OPTIMIZE is an improvement upon the functions FMINSEARCHBND and FMINSEARCHCON written by John d'Errico (also available on the file exchange). It solves the optimization problem

min f(x)

s.t.

lb <= x <= ub
A * x < b
Aeq * x = beq
c(x) <= 0
ceq(x) = 0

using a coordinate transformation for the bound constraints, and penalty functions for the other constraints. The penalty functions used are pseudo-adaptive: normally, an exponential penalty is used. However, if the amount of constraint violation is severe, this could lead to numerical overflow. To prevent this, the penalty function is converted to a linear function in case it is too large for the exponential constraint.

The main differences between OPTIMIZE and FMINSEARCHCON are

 - (non)linear equality constraints can now be used
 - strictness is more controllable

While FMINSEARCHCON does not permit ANY function evaluation outside the feasible domain, OPTIMIZE can be either allowed (default) or disallowed ('strict' or 'superstrict' options) to do so.

Its behavior is similar to that of FMINCON (except for the really fancy stuff), which makes it useful for those who do not have the optimization toolbox.

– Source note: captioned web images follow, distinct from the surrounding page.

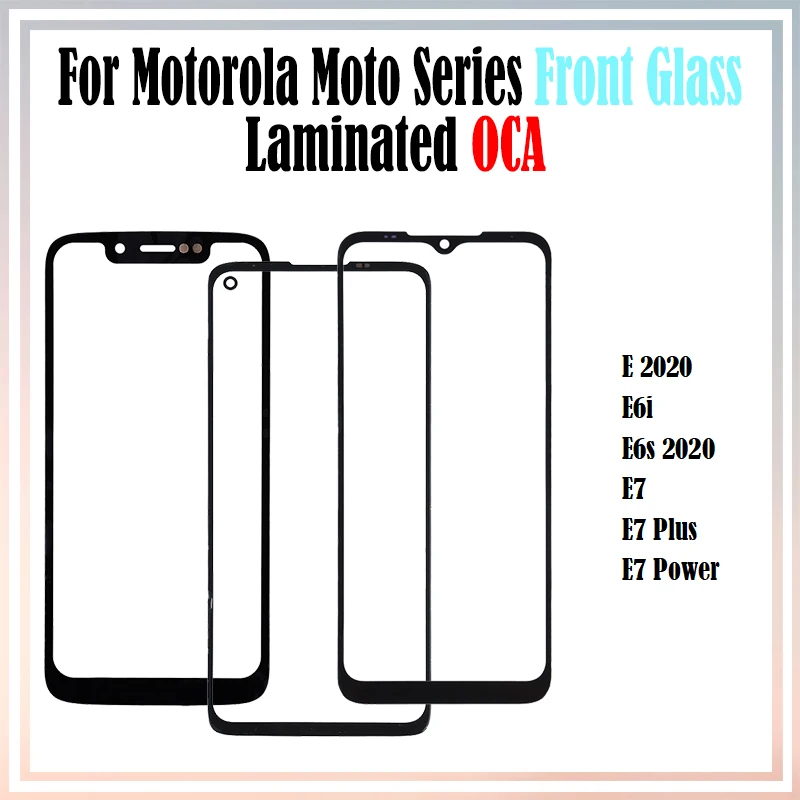 

10Pcs For Motorola Moto E E6s 2020 E6i E7 Plus Power LCD Front Touch Screen Outer Lens Glass Panel With OCA Glue Laminated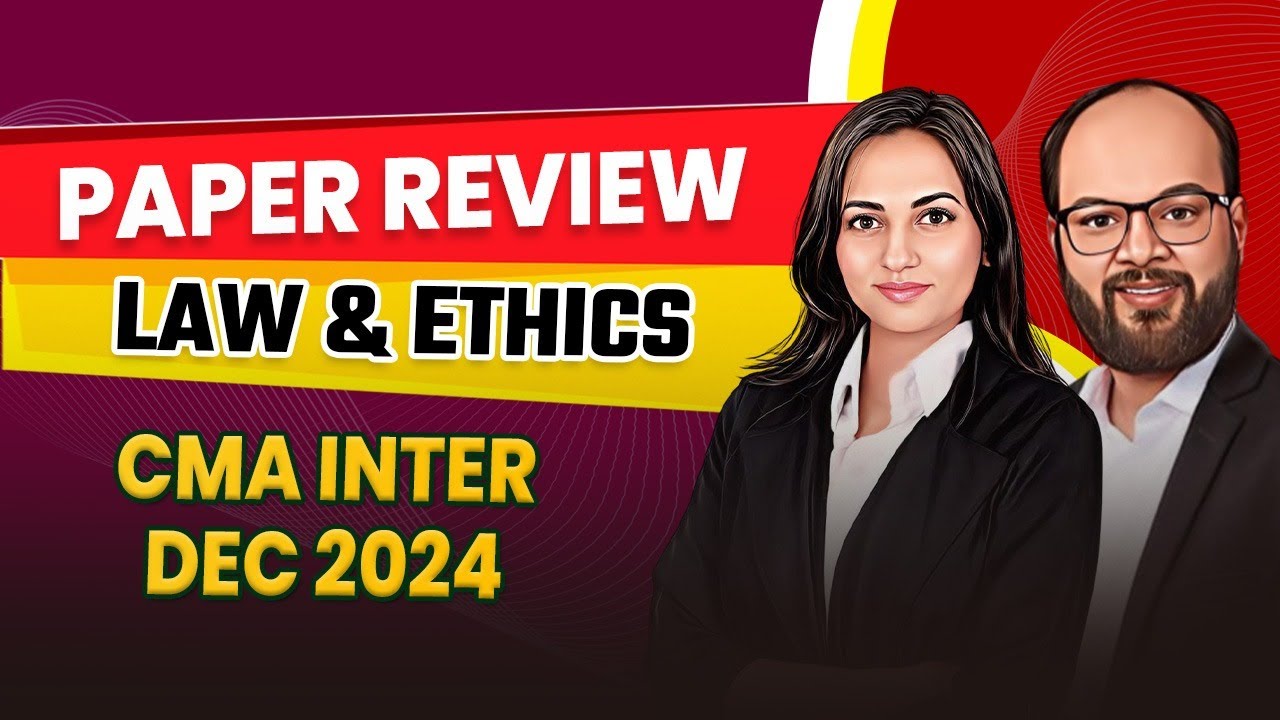 Paper Review Law & Ethics CMA Inter Dec 24 | CMA Inter Law Ethics Paper Analysis | ICMAI Exams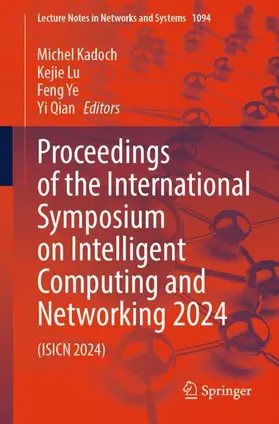 Kadoch / Qian / Lu |  Proceedings of the International Symposium on Intelligent Computing and Networking 2024 | Buch |  Sack Fachmedien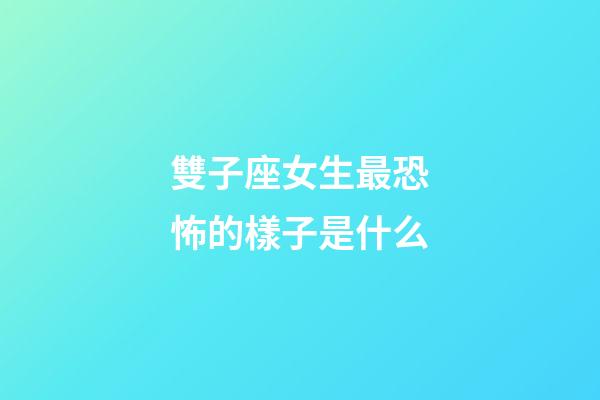 雙子座女生最恐怖的樣子是什么-第1張-星座運勢-玄機派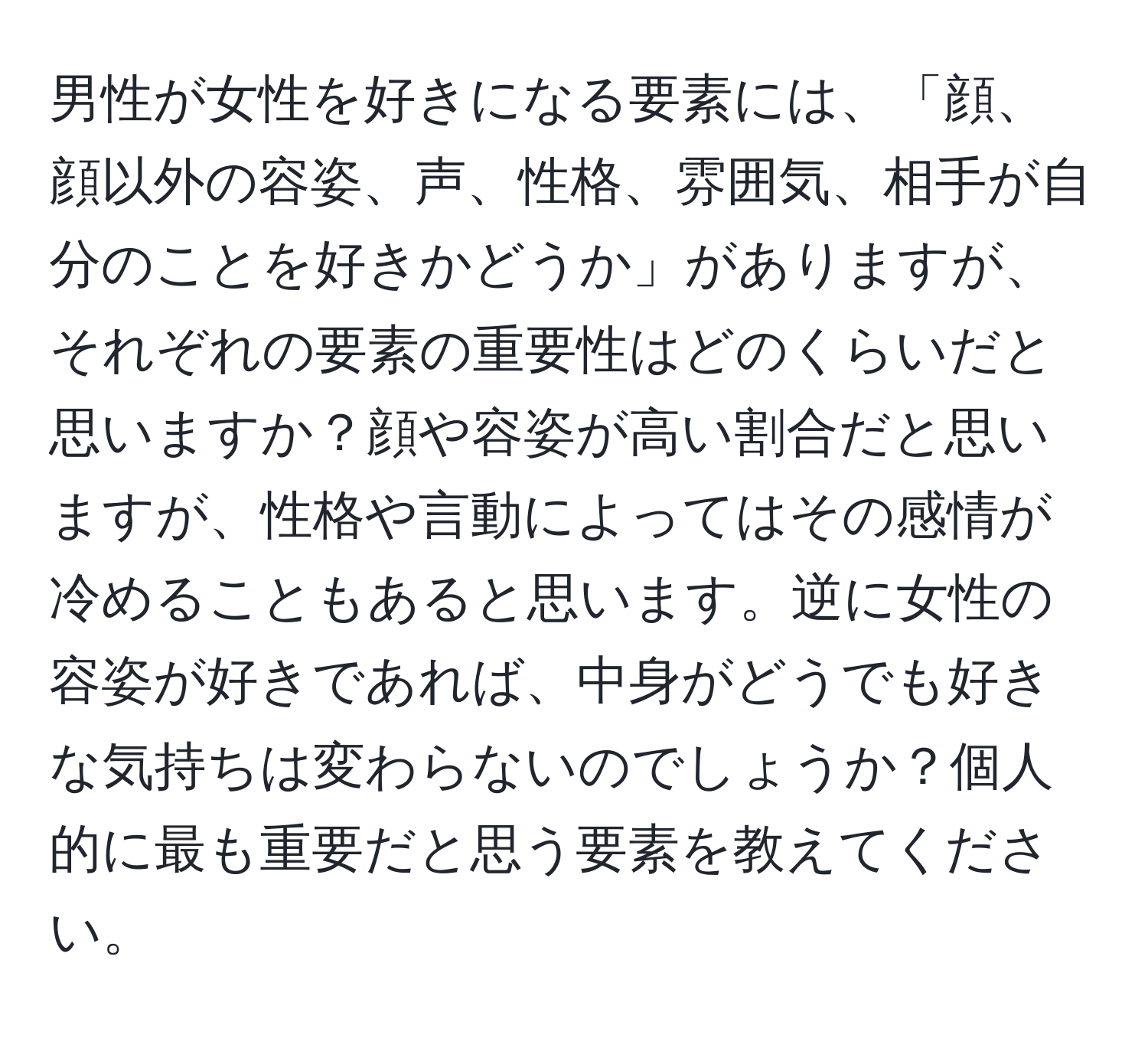 男性が女性を好きになる要素には、「顔、顔以外の容姿、声、性格、雰囲気、相手が自分のことを好きかどうか」がありますが、それぞれの要素の重要性はどのくらいだと思いますか？顔や容姿が高い割合だと思いますが、性格や言動によってはその感情が冷めることもあると思います。逆に女性の容姿が好きであれば、中身がどうでも好きな気持ちは変わらないのでしょうか？個人的に最も重要だと思う要素を教えてください。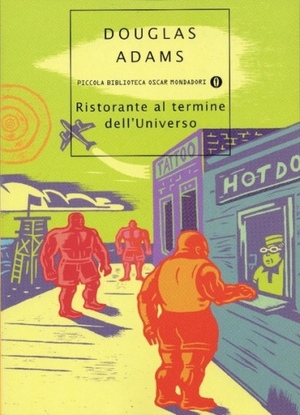 Ristorante al termine dell'Universo by Douglas Adams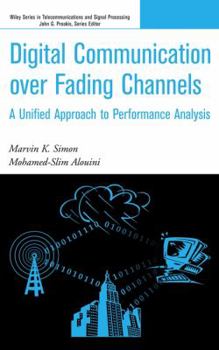 Hardcover Digital Communication Over Fading Channels: A Unified Approach to Performance Analysis Book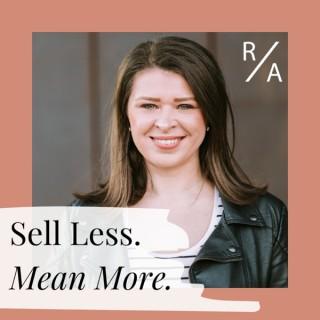 Sell Less. Mean More.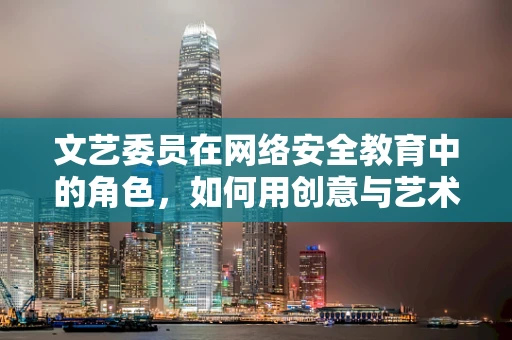文艺委员在网络安全教育中的角色，如何用创意与艺术提升防护意识？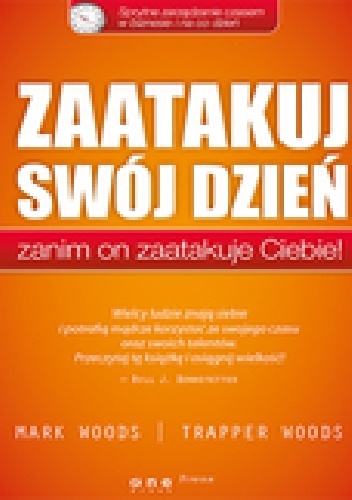 Zaatakuj swój dzień, zanim on zaatakuje Ciebie! - Mark Woods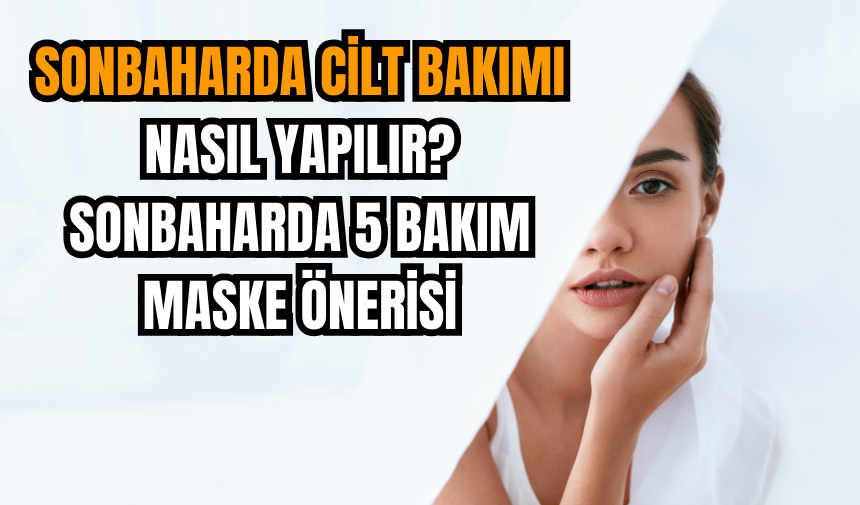 Sonbaharda cilt bakımı nasıl yapılır? Sonbaharda 5 bakım maske önerisi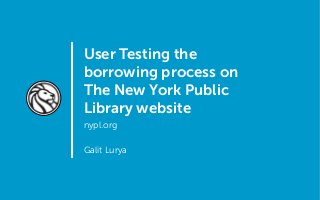 User Testing the
borrowing process on
The New York Public
Library website
nypl.org
Galit Lurya

 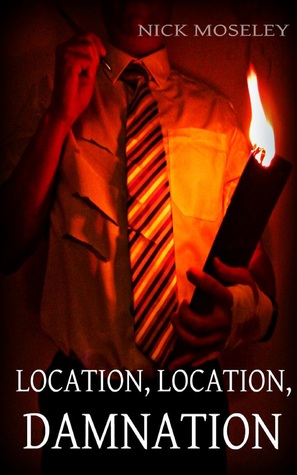 Location, Location, Damnation (The Brackenford Cycle #1)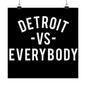 detroit vs everybody Matte Vertical Posters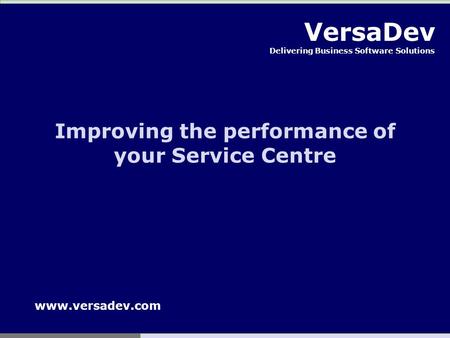 VersaDev Delivering Business Software Solutions Improving the performance of your Service Centre www.versadev.com.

Also, it is particularly useful in case your function is hard or impossible to differentiate. In such cases, FMINCON is forced to compute the derivatives numerically, which usually takes > 60% of the computation time if you have a sizeable problem. Since FMINSEARCH is the engine for OPTIMIZE, no derivatives are required, which might make it more efficient than using FMINCON.

Some basic examples are included in a published M-file. I recycled most of the examples (and help text) from FMINSEARCHCON -- see its documentation for more underlying theory.

UPDATES:
--------------------------
    You may now also omit the argument [x0], which (when [lb] and [ub] are given) will try to optimize the problem *globally*; simply a few randomly generated starting points inside [lb,ub] will be used to optimize the problem, so that the minimum returned is more likely to be the global minimum. Note however that the number of required function evaluations is considerable. This method should only be used for "cheap" objective functions. See my other release (GODLIKE) for a more robust way to optimize problems globally.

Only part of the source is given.